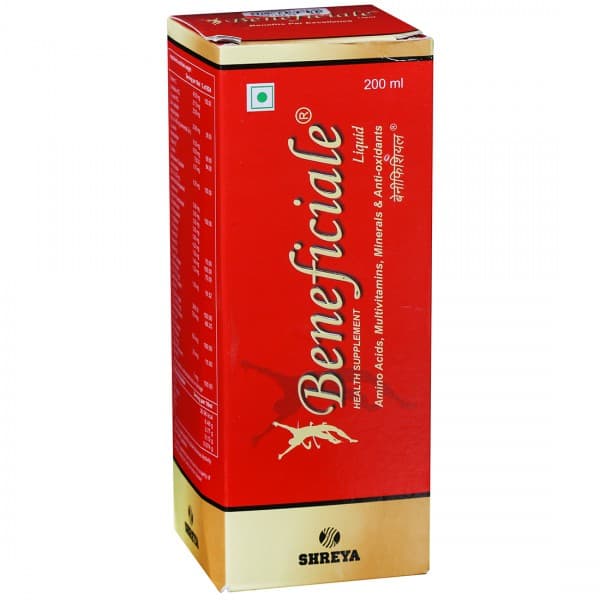Beneficiale Liquid 200 ml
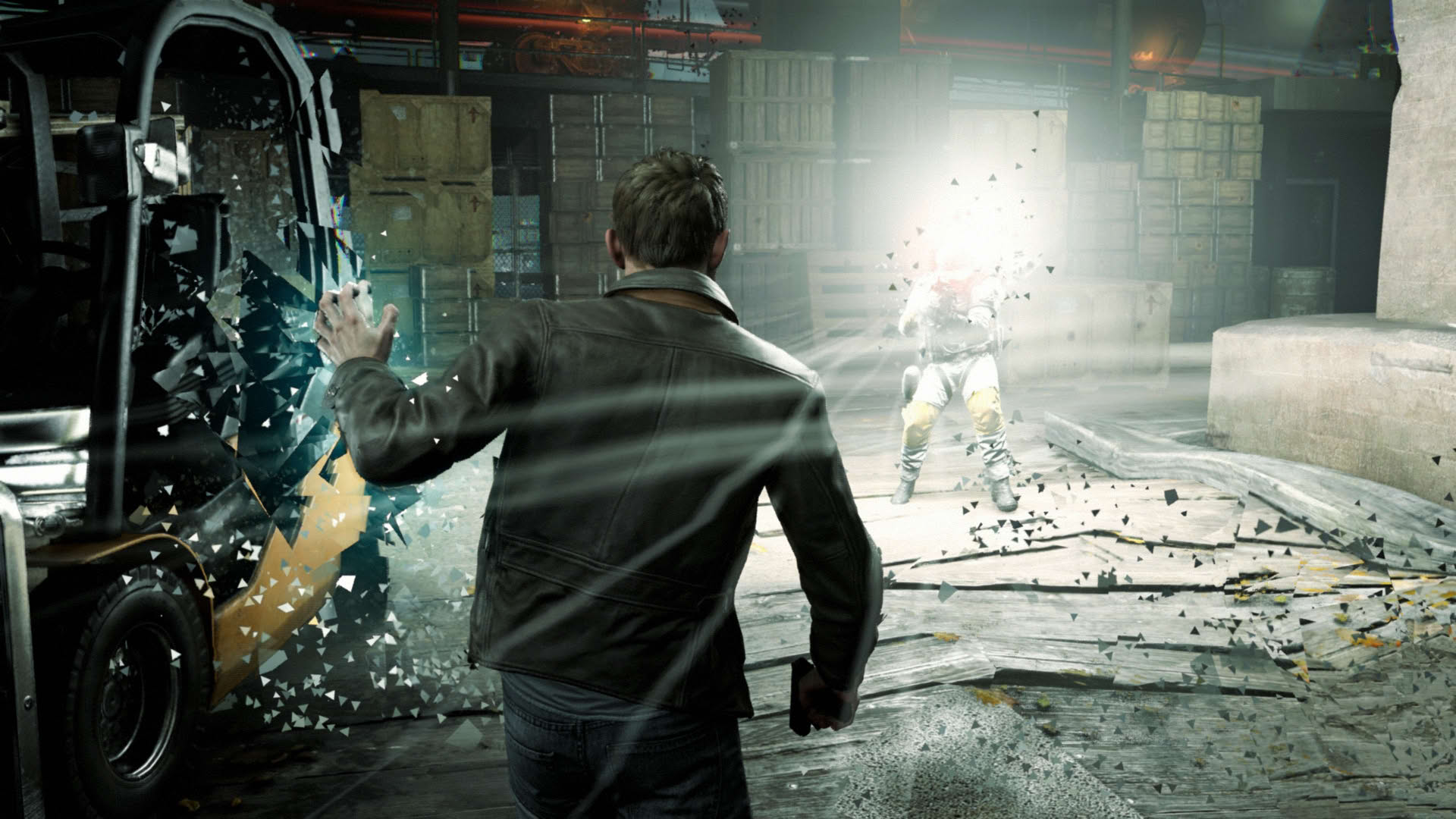 Screenshot for Quantum Break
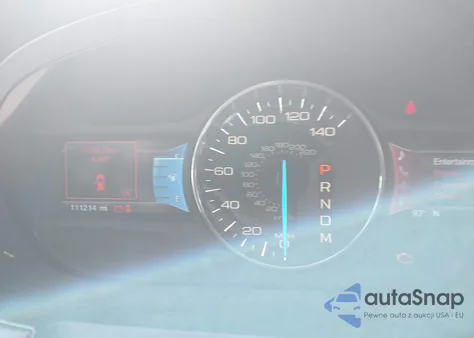 2012 Ford Edge Limited из США, поврежденный, VIN 2FMDK3KC1CBA23225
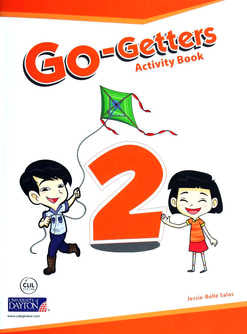 2 Pri GoGetters Activity Book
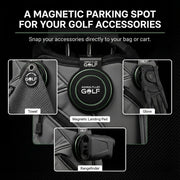 Magnetic Landing Pad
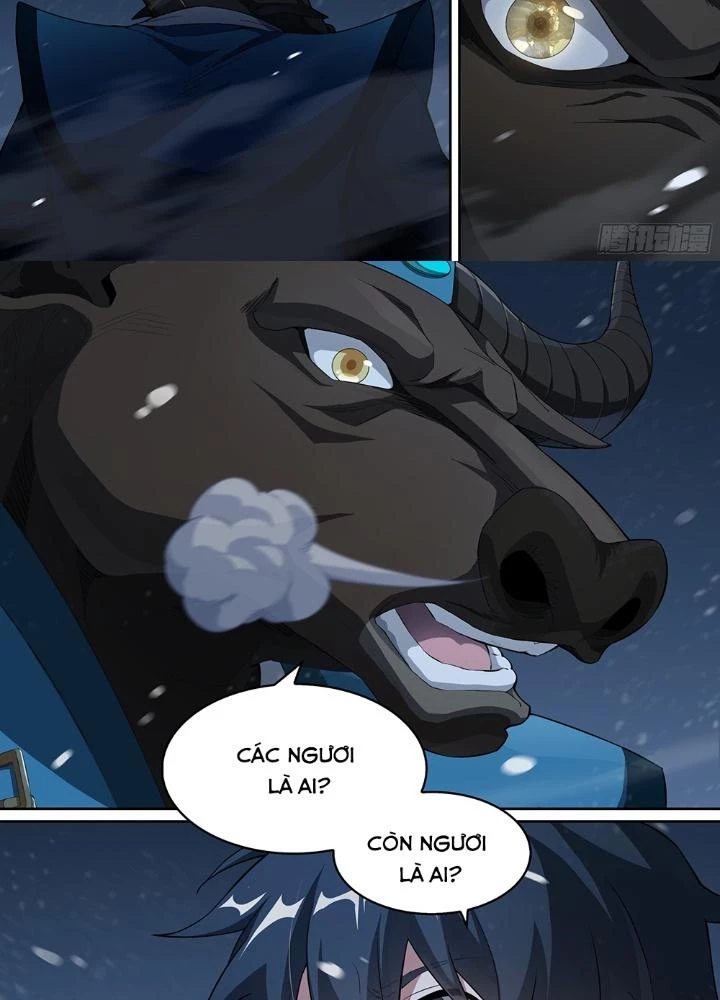 Siêu Thần Linh Chủ Chapter 260 - Trang 2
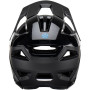 Leatt MTB Enduro 3.0 V23 3-in-1 Fahrradhelm mit abnehmbarem Kinnbügel, Stealth, S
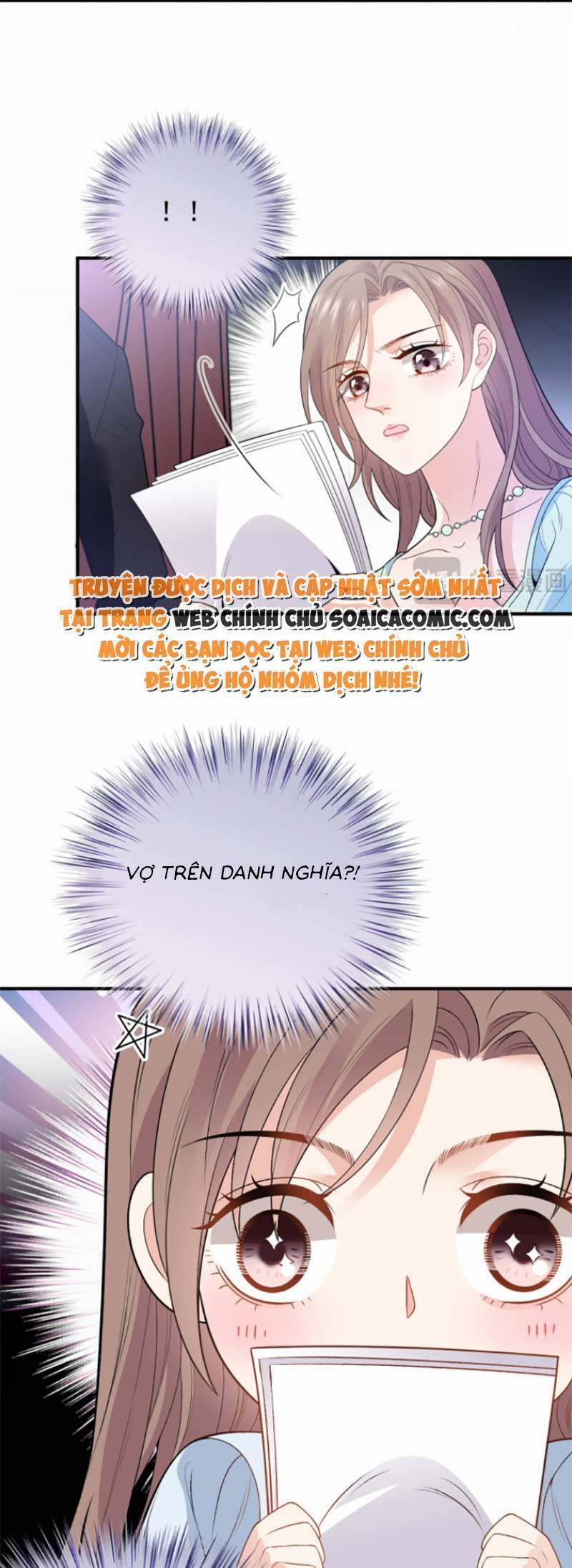 Trọng Sinh Báo Thù Gặp Được Bá Đạo Tổng Tài 13 trang 6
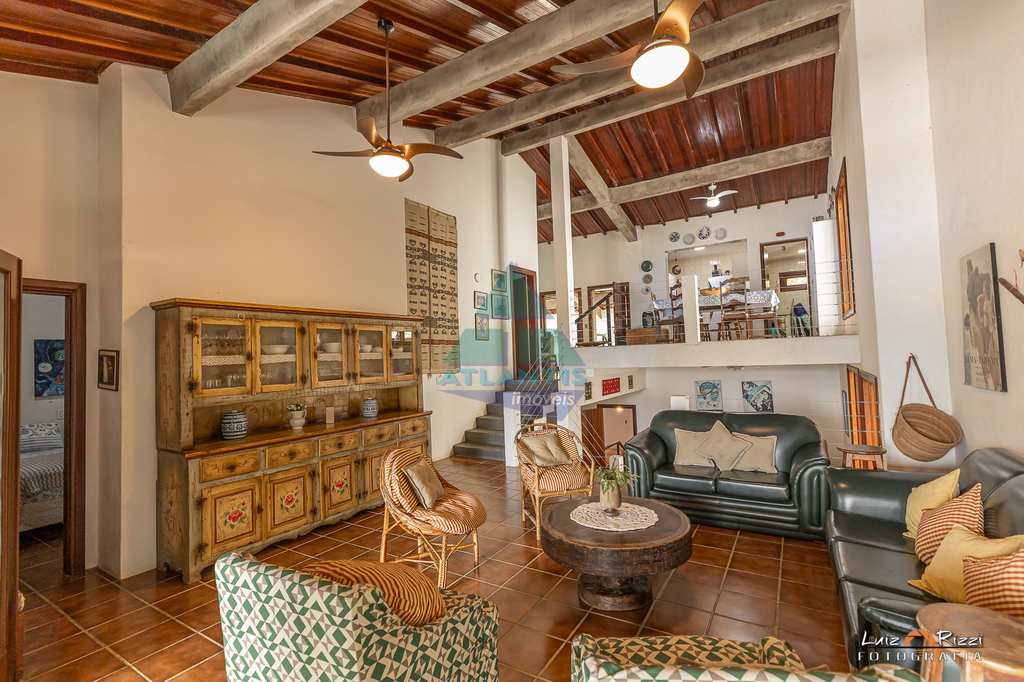 Casa em Ubatuba, no bairro Recanto da Lagoinha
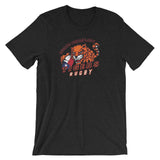 North Texas Tigers Rugby Short-Sleeve Unisex T-Shirt
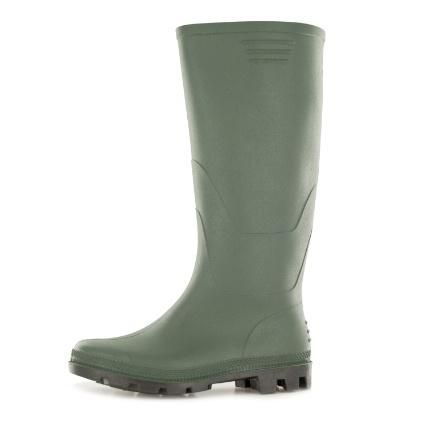 Botte POLSKA 39 vert pvc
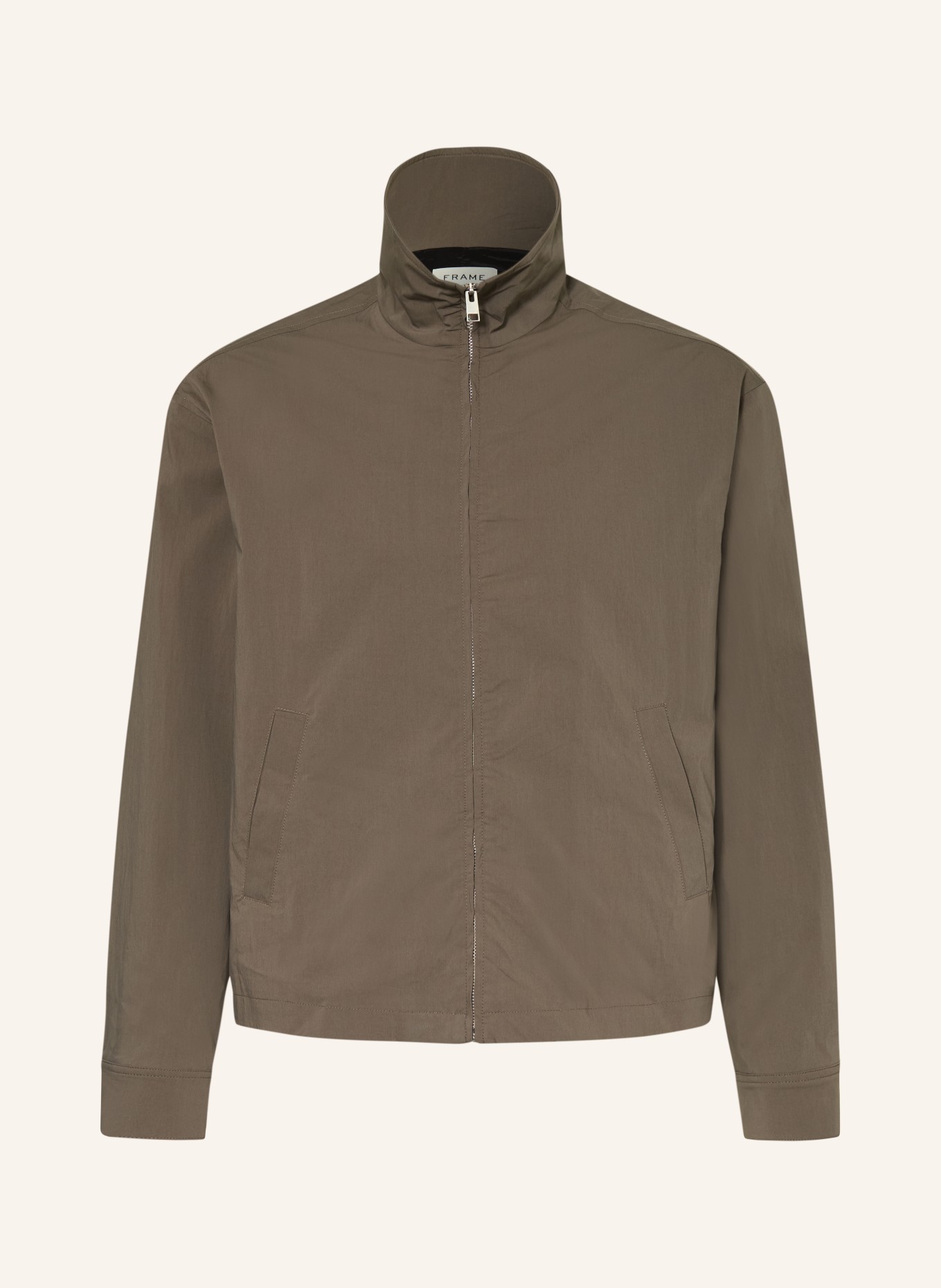 FRAME Surveste: TAUPE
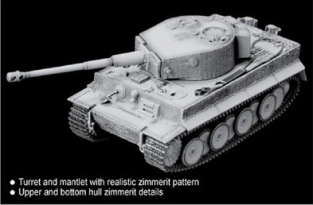 DML7434  Sd.Kfz.181 Tiger I 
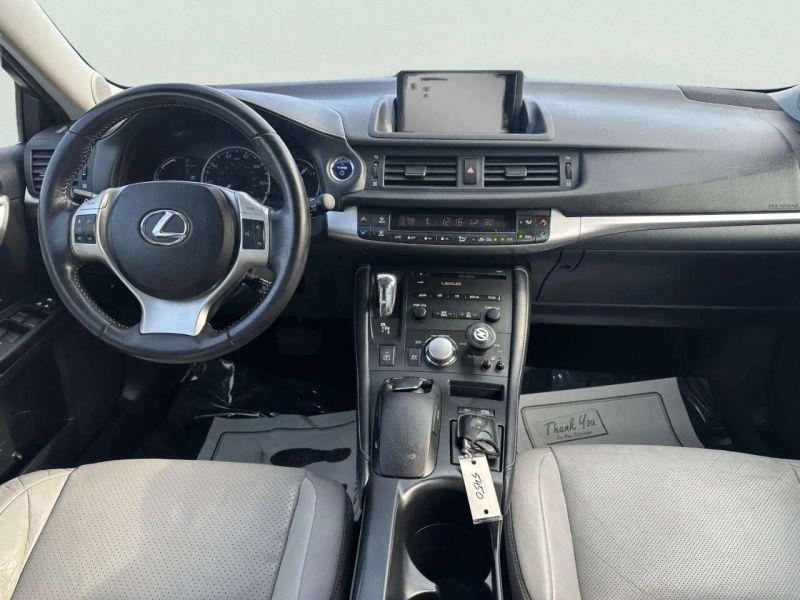 used 2011 Lexus CT 200h car, priced at $7,999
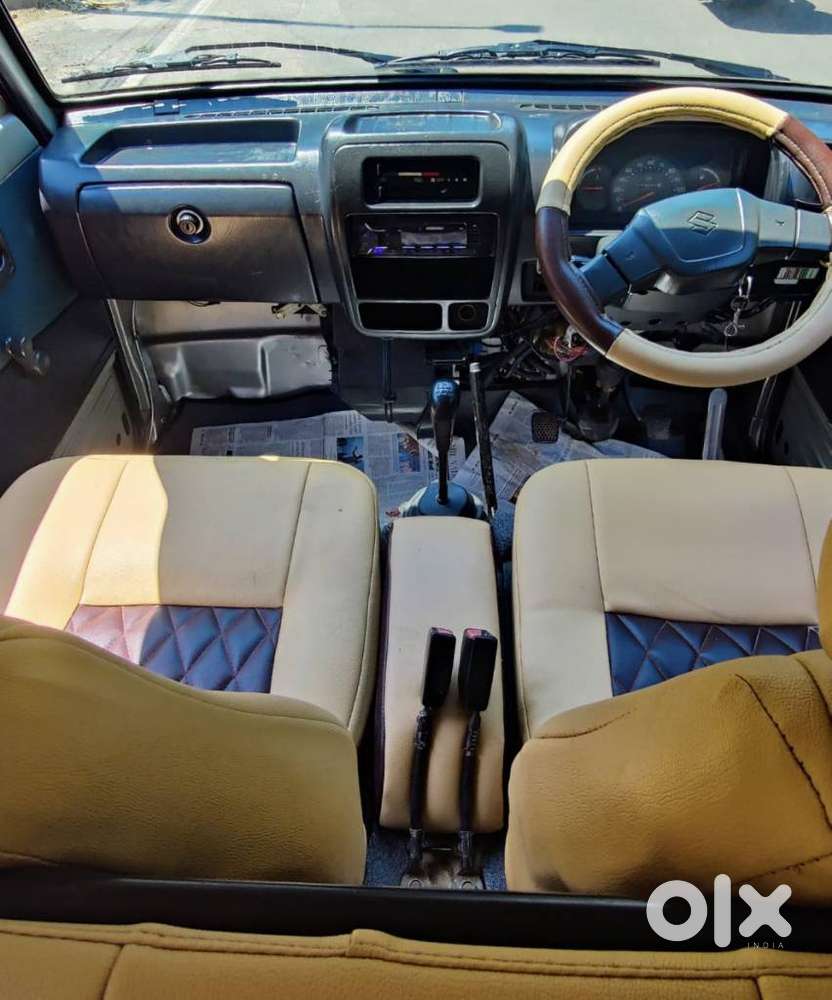 Maruti Suzuki Omni 8 Seater, 2017, Lpg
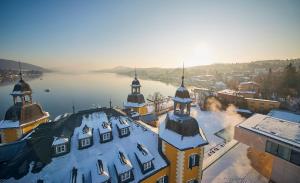 falkensteiner schlosshotel velden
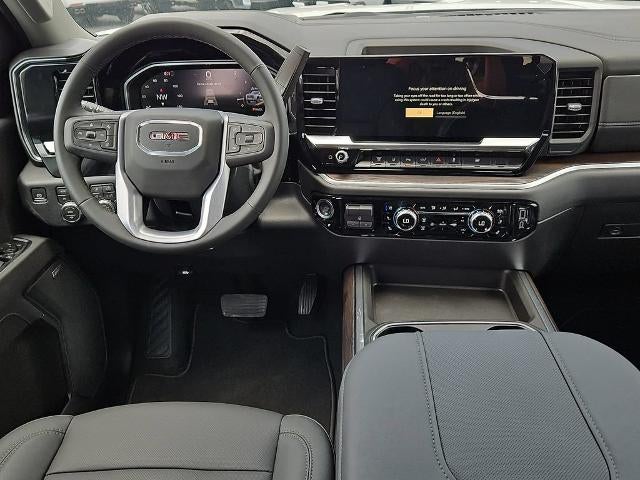 2026 GMC Sierra 3500 HD SLT DRW
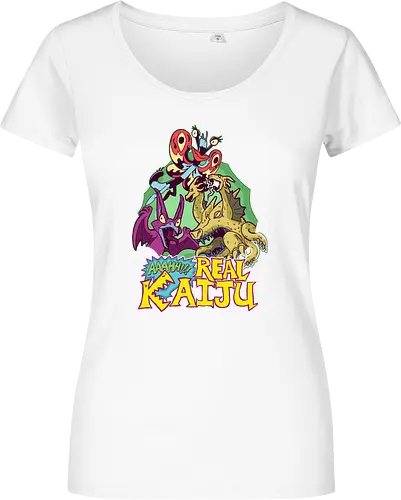Aaahh! Real Kaiju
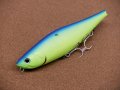 ZIP BAITS・ZBL PENCIL CONOHA 230/ラッシュチャート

PROBLEM REQUIREMENTS:
Images stay out; the entries above are to be printed exactly.

RESPONSE:
Beneficiale Liquid 200 ml
 Screenshot for Quantum Break
 2012 Ford Edge Limited из США, поврежденный, VIN 2FMDK3KC1CBA23225
 2 Pri GoGetters Activity Book
 Magnetic Landing Pad
 Siêu Thần Linh Chủ Chapter 260 - Trang 2
 Leatt MTB Enduro 3.0 V23 3-in-1 Fahrradhelm mit abnehmbarem Kinnbügel, Stealth, S
 Trọng Sinh Báo Thù Gặp Được Bá Đạo Tổng Tài 13 trang 6
 Casa em Ubatuba, no bairro Recanto da Lagoinha
 North Texas Tigers Rugby Short-Sleeve Unisex T-Shirt
 Botte POLSKA 39 vert pvc
 FRAME Surveste: TAUPE
 DML7434  Sd.Kfz.181 Tiger I 
 used 2011 Lexus CT 200h car, priced at $7,999
 Maruti Suzuki Omni 8 Seater, 2017, Lpg
 falkensteiner schlosshotel velden
 2026 GMC Sierra 3500 HD SLT DRW
Aaahh! Real Kaiju
 ZIP BAITS・ZBL PENCIL CONOHA 230/ラッシュチャート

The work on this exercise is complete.